Segment Open

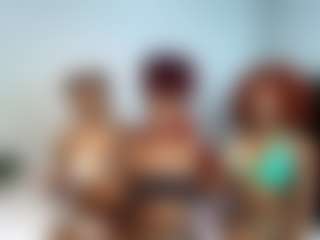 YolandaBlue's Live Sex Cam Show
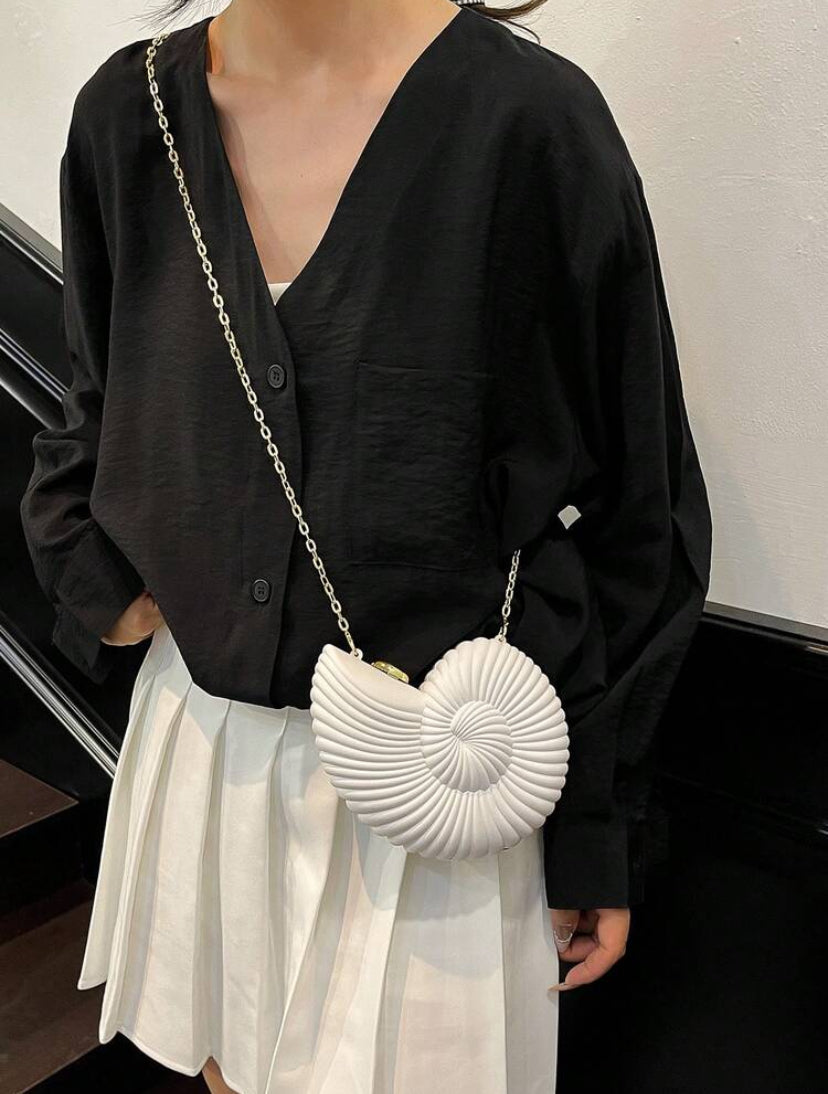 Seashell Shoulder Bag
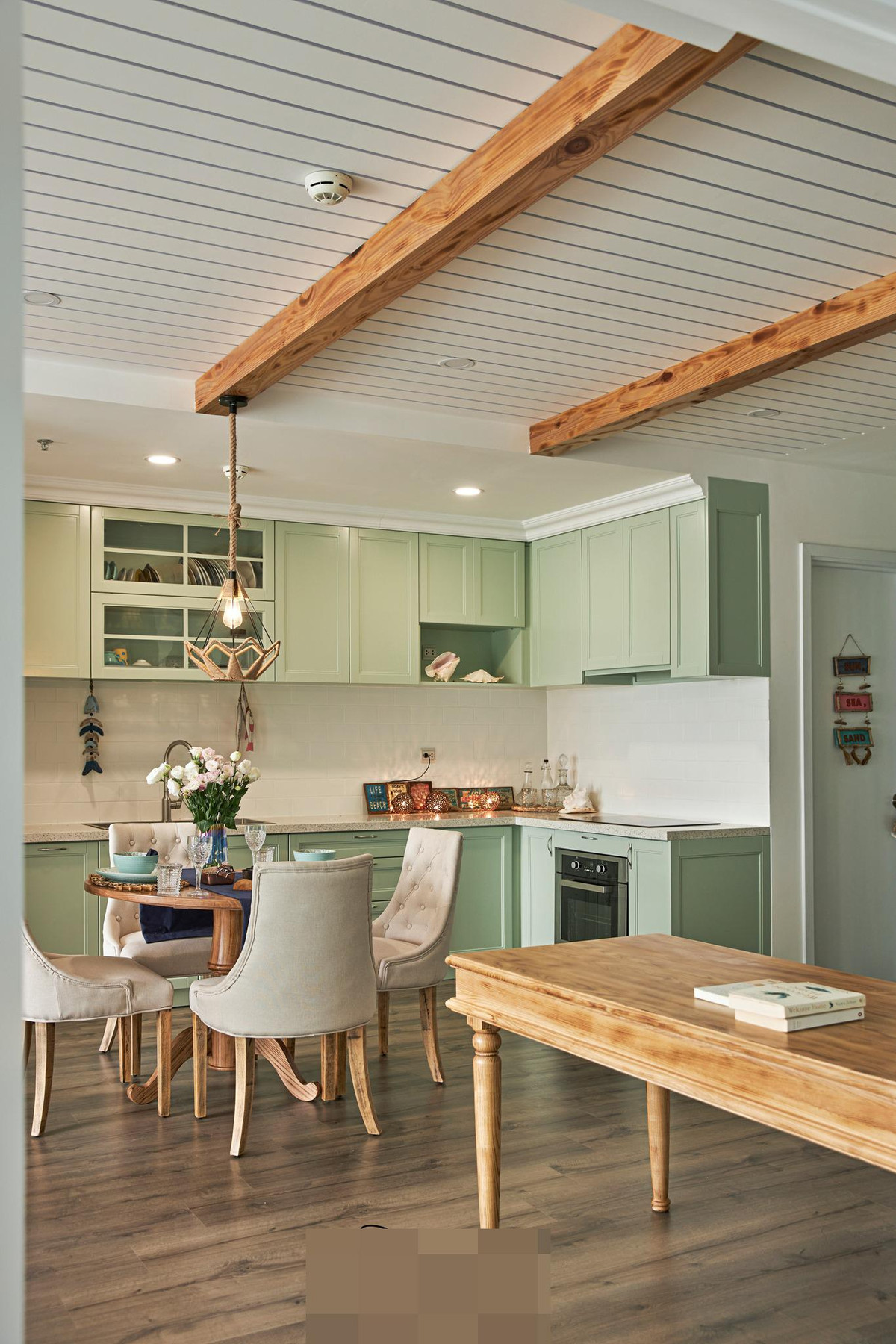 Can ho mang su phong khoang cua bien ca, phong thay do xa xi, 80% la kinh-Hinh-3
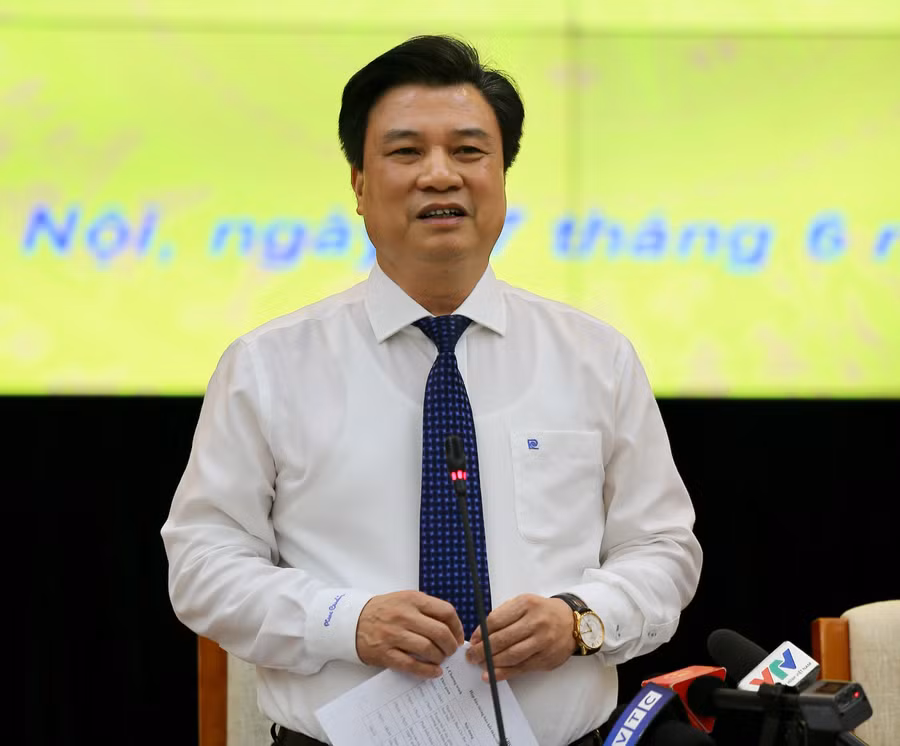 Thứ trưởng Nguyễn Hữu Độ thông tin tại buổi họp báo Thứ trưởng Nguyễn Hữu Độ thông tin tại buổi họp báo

Segment Closed
Segment Open

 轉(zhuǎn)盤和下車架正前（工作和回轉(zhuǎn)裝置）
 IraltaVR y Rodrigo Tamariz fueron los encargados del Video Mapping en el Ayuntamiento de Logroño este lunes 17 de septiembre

Segment Closed

▸ Exercise details: Although pictures appear among the entries, please set down only the lines from the one with "Can ho mang" up to and including the one with "họp báo Thứ", word for word.

▸ Solution to this task:
 Can ho mang su phong khoang cua bien ca, phong thay do xa xi, 80% la kinh-Hinh-3
 Thứ trưởng Nguyễn Hữu Độ thông tin tại buổi họp báo Thứ trưởng Nguyễn Hữu Độ thông tin tại buổi họp báo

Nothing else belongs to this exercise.